■ GIVEN INFORMATION:
---
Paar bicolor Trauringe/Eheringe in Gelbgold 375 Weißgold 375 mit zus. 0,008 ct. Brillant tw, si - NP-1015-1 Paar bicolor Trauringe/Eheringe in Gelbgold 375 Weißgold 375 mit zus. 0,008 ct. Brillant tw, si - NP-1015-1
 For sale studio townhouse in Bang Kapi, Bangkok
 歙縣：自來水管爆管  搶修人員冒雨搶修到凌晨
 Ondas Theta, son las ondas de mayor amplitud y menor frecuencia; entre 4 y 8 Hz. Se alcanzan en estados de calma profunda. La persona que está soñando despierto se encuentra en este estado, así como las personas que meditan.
---
■ EXERCISE: The data is to be given again in full, with every line exact.

■ ANSWER SPACE:
Paar bicolor Trauringe/Eheringe in Gelbgold 375 Weißgold 375 mit zus. 0,008 ct. Brillant tw, si - NP-1015-1 Paar bicolor Trauringe/Eheringe in Gelbgold 375 Weißgold 375 mit zus. 0,008 ct. Brillant tw, si - NP-1015-1
 For sale studio townhouse in Bang Kapi, Bangkok
 歙縣：自來水管爆管  搶修人員冒雨搶修到凌晨
 Ondas Theta, son las ondas de mayor amplitud y menor frecuencia; entre 4 y 8 Hz. Se alcanzan en estados de calma profunda. La persona que está soñando despierto se encuentra en este estado, así como las personas que meditan.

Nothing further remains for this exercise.